● Work to complete: Your output should consist solely of the lines from the one holding "Des néons multicolores" to the end of the records below, inclusive, reproduced exactly and free of pictures.

++++ Recorded data

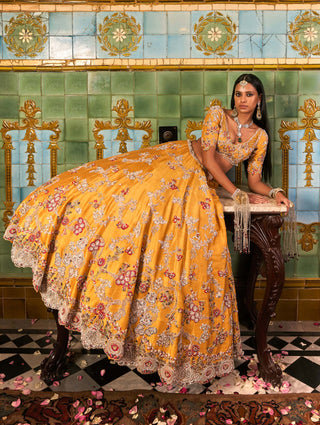 Elaheh Mustard Lehenga Set by Dolly J available on Indiaspopup.com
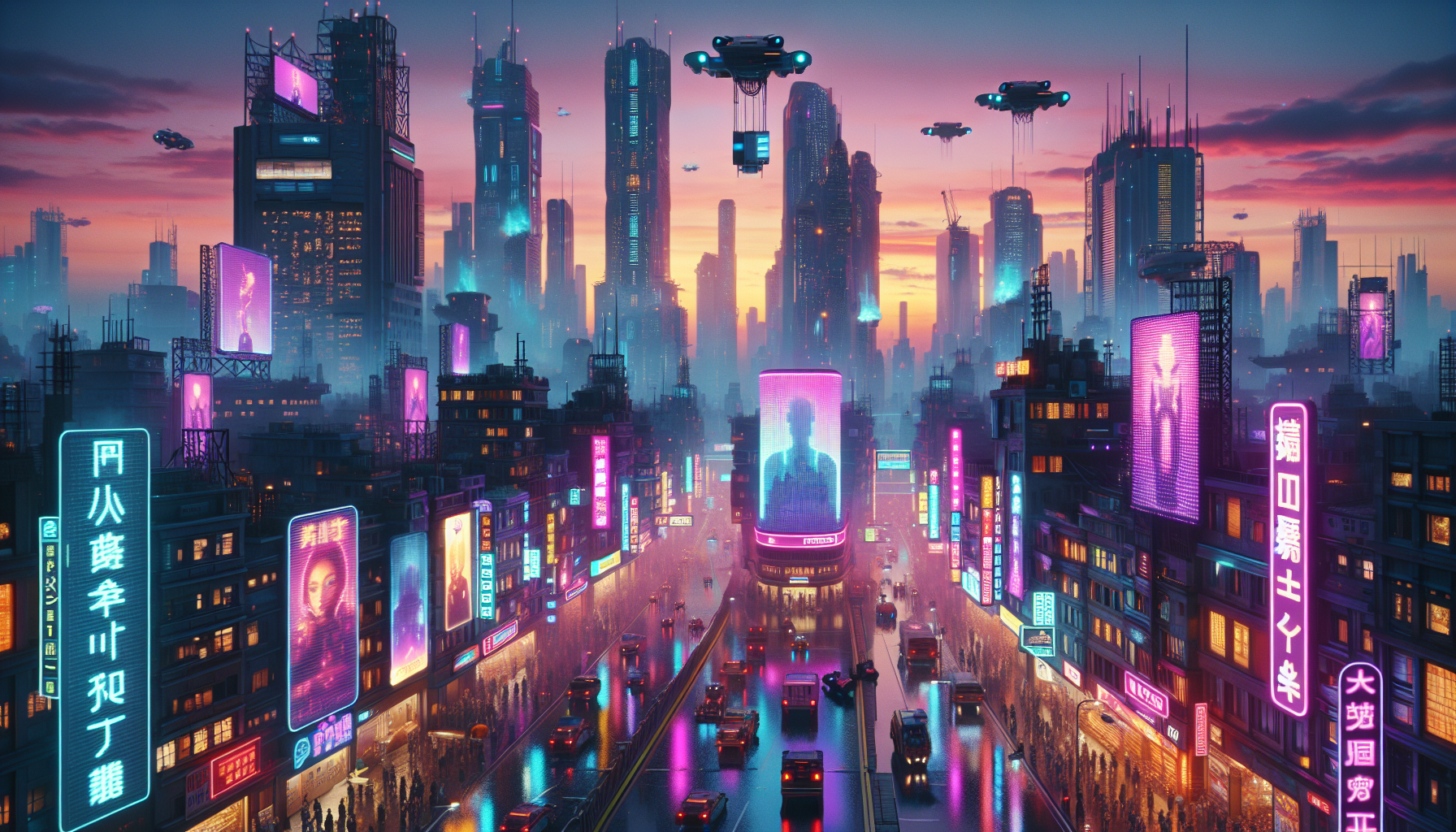 Une ville cyberpunk au crépuscule :

Des néons multicolores illuminent les rues humides de la ville, avec des panneaux publicitaires flottants et des véhicules volants se faufilant entre des gratte-ciels gigantesques. Les rues sont pleines de personnages en vêtements futuristes et d'androïdes, tandis que le ciel crépusculaire se pare de teintes violettes et oranges. Des hologrammes géants flottent au-dessus des bâtiments, créant une ambiance chaotique mais fascinante.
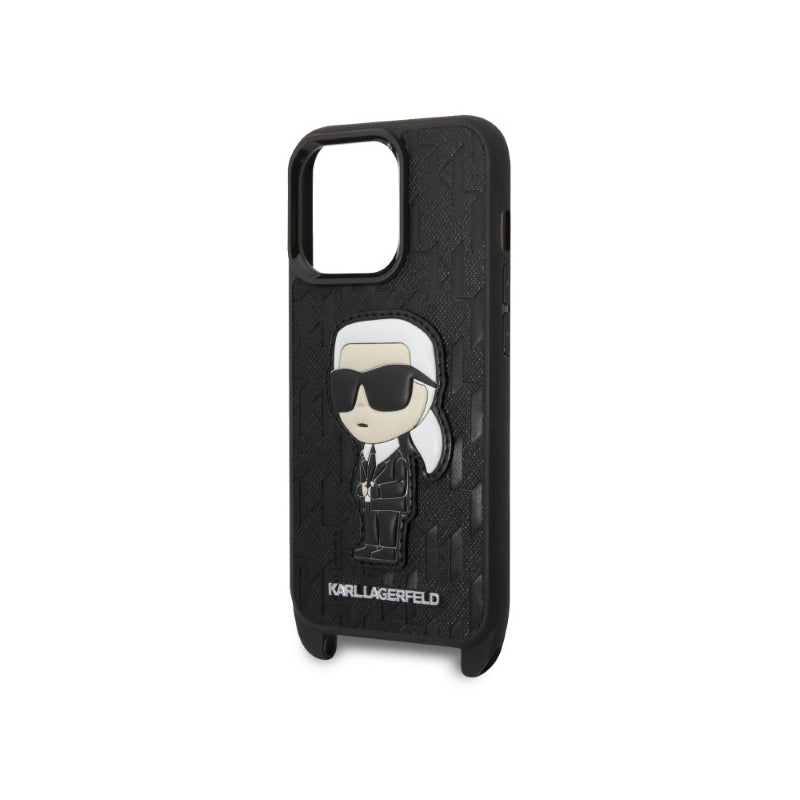 Husa pentru Apple iPhone 14 Pro, Karl Lagerfeld, Monogram Ikonik Karl - Neagra - NotebookGsm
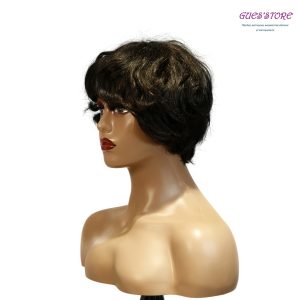 center wig machine made black wig remy hair tc16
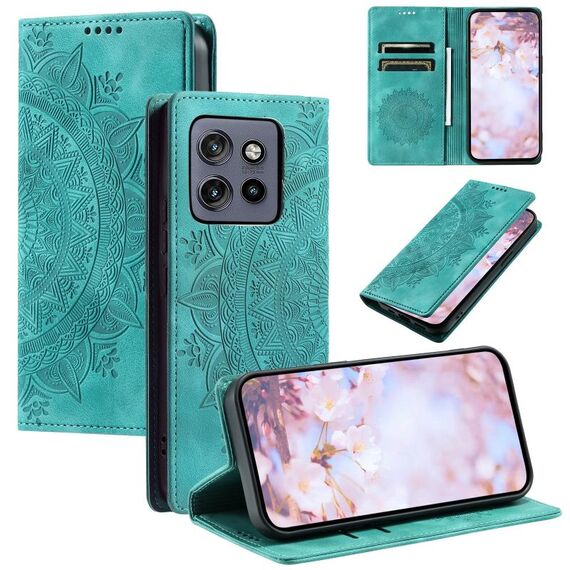Per Motorola Edge 50 Neo Totem Custodia magnetica in pelle goffrata (verde)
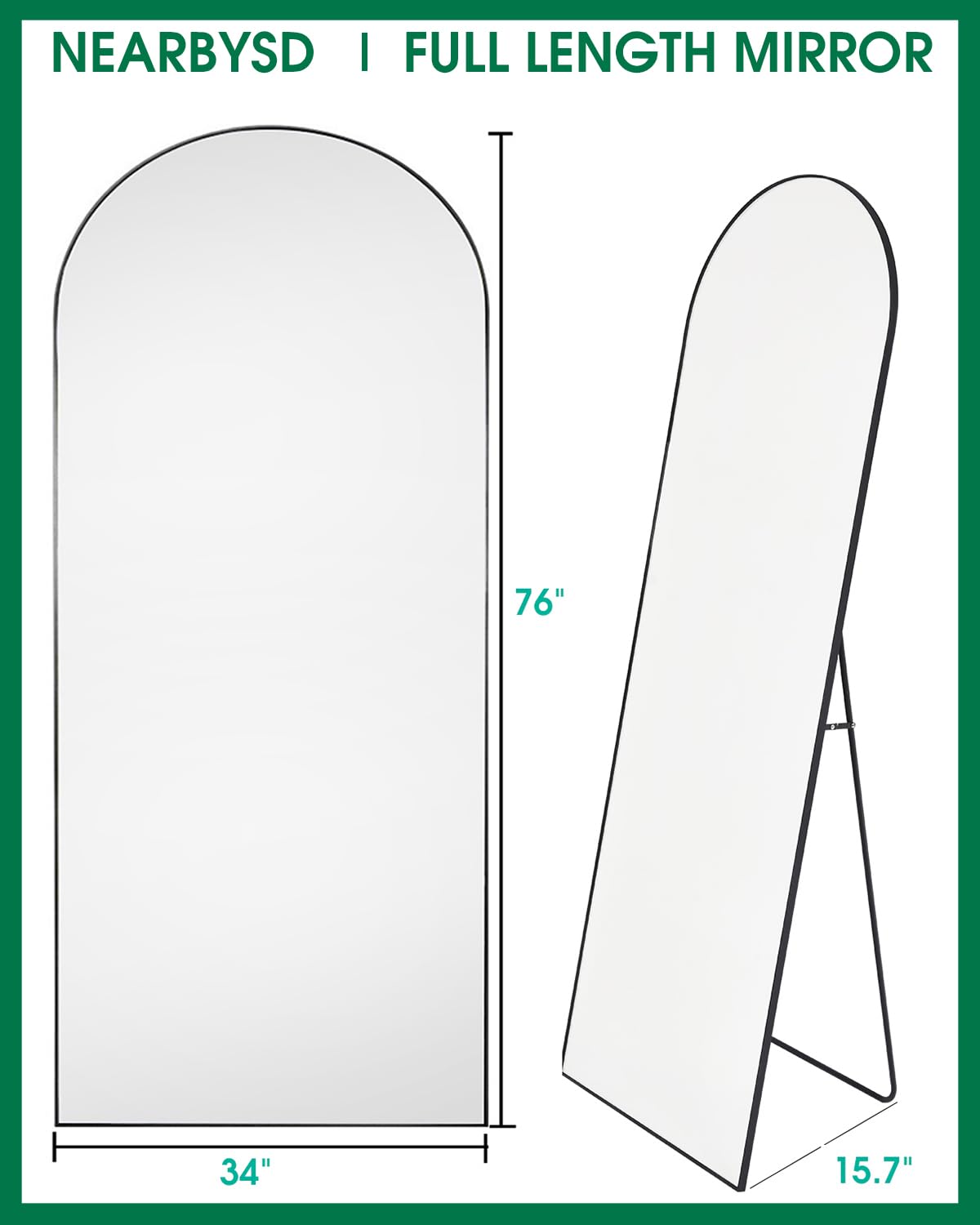 Oversized Full Body Mirror with Stand, Black, 76" x 34"
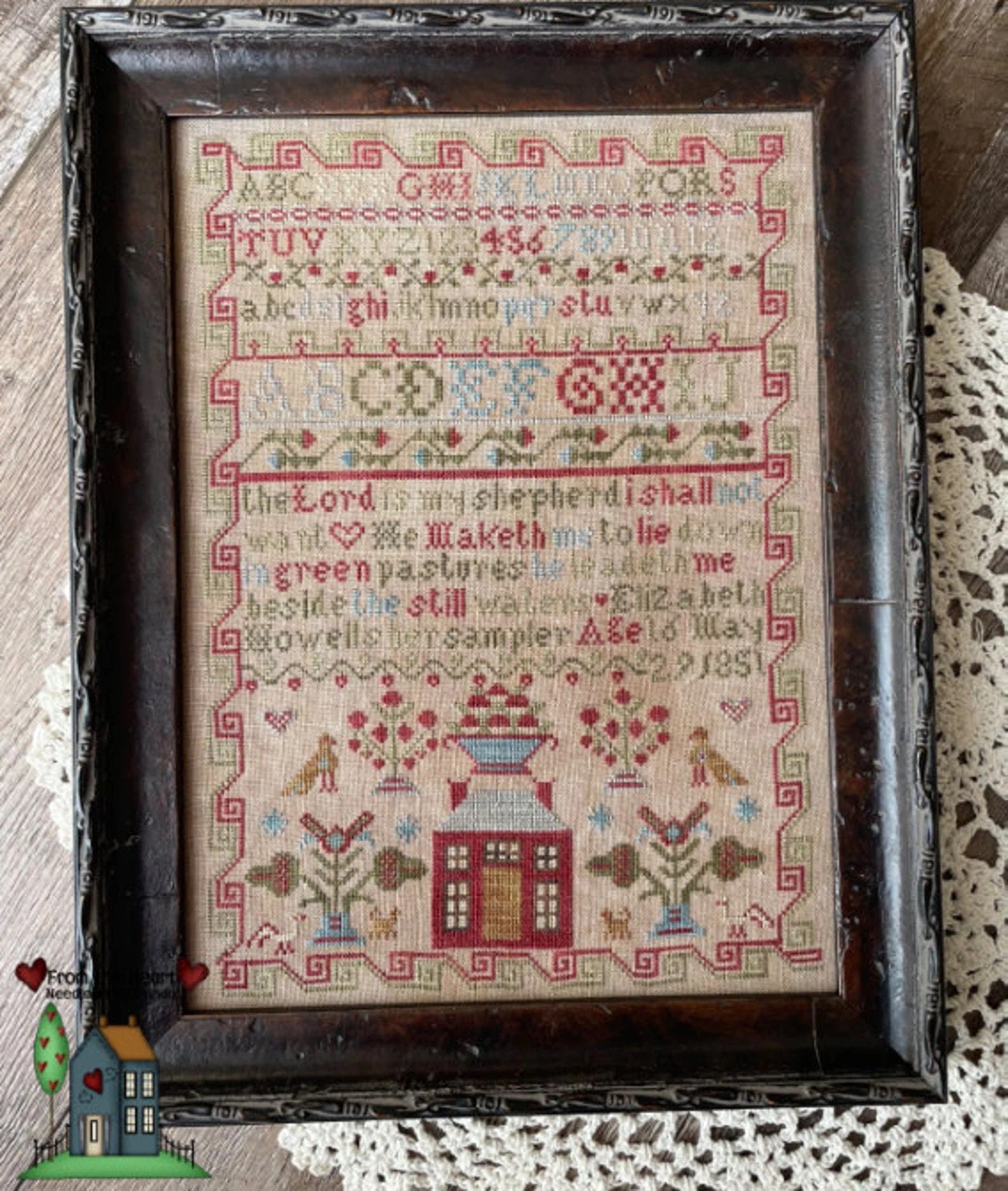 FROM THE HEART "Elizabeth Howells 1851" Counted Cross Stitch Pattern, Sampler, 2023 Nashville Needlework Market, Pattern Only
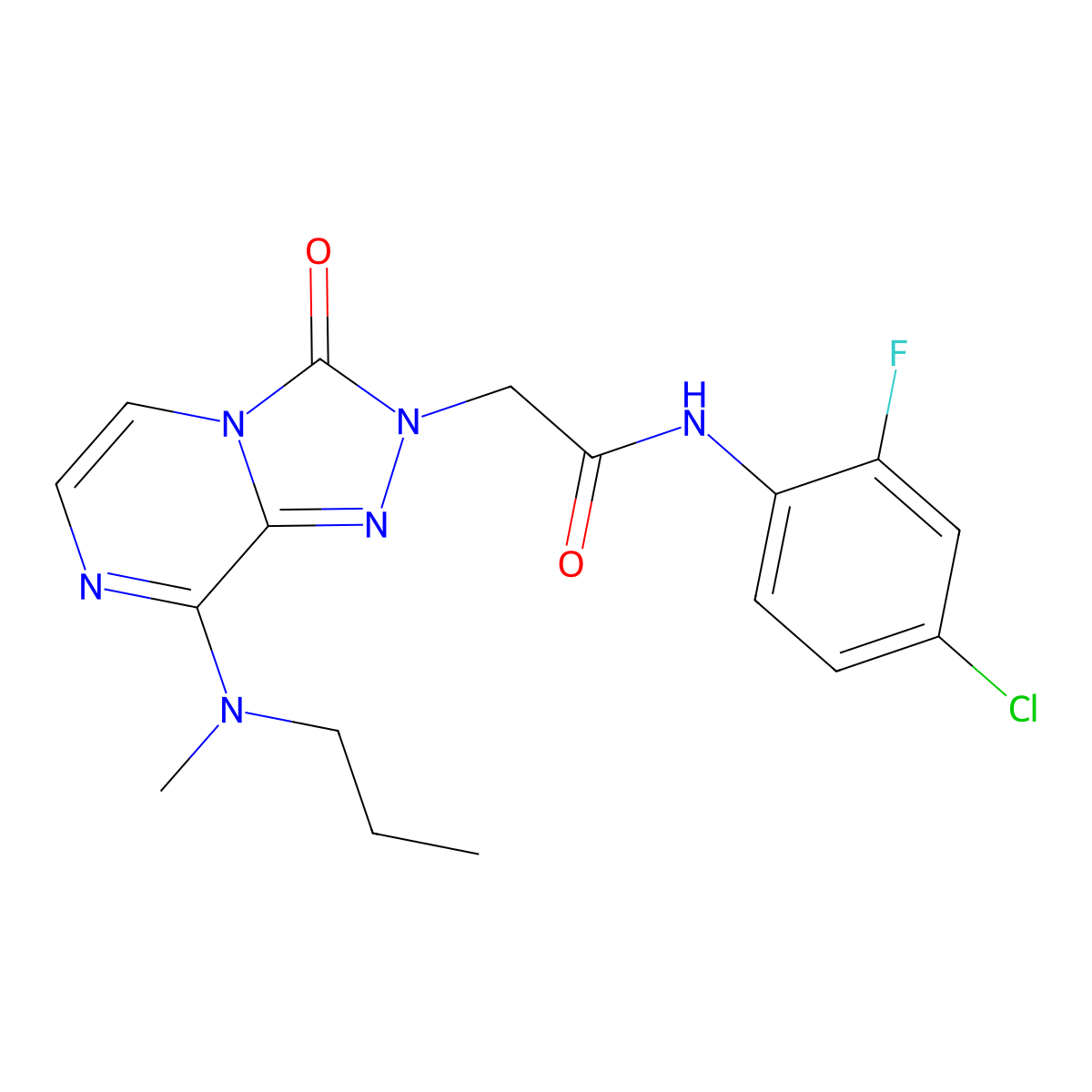 N-(4-chloro-2-fluorophenyl)-2-[8-[methyl(propyl)amino]-3-oxo[1,2,4]triazolo[4,3-a]pyrazin-2(3H)-yl]acetamide molecular structure, CAS 1251586-06-7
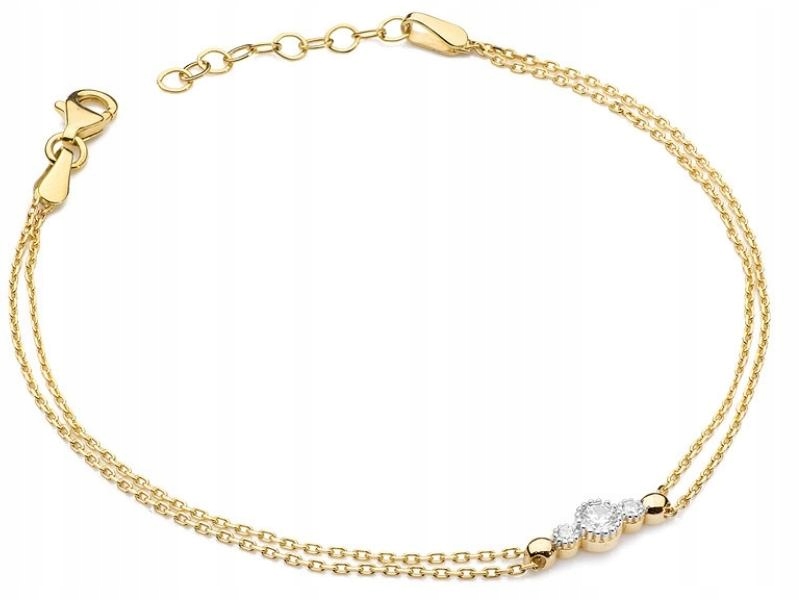 Zlatý náramek 585 kuličky diamanty 0,90 g, jedinečný vzor jako dárek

++++++++

● Written response:
Des néons multicolores illuminent les rues humides de la ville, avec des panneaux publicitaires flottants et des véhicules volants se faufilant entre des gratte-ciels gigantesques. Les rues sont pleines de personnages en vêtements futuristes et d'androïdes, tandis que le ciel crépusculaire se pare de teintes violettes et oranges. Des hologrammes géants flottent au-dessus des bâtiments, créant une ambiance chaotique mais fascinante.
 Husa pentru Apple iPhone 14 Pro, Karl Lagerfeld, Monogram Ikonik Karl - Neagra - NotebookGsm
 center wig machine made black wig remy hair tc16
Per Motorola Edge 50 Neo Totem Custodia magnetica in pelle goffrata (verde)
 Oversized Full Body Mirror with Stand, Black, 76" x 34"
 FROM THE HEART "Elizabeth Howells 1851" Counted Cross Stitch Pattern, Sampler, 2023 Nashville Needlework Market, Pattern Only
 N-(4-chloro-2-fluorophenyl)-2-[8-[methyl(propyl)amino]-3-oxo[1,2,4]triazolo[4,3-a]pyrazin-2(3H)-yl]acetamide molecular structure, CAS 1251586-06-7
 Zlatý náramek 585 kuličky diamanty 0,90 g, jedinečný vzor jako dárek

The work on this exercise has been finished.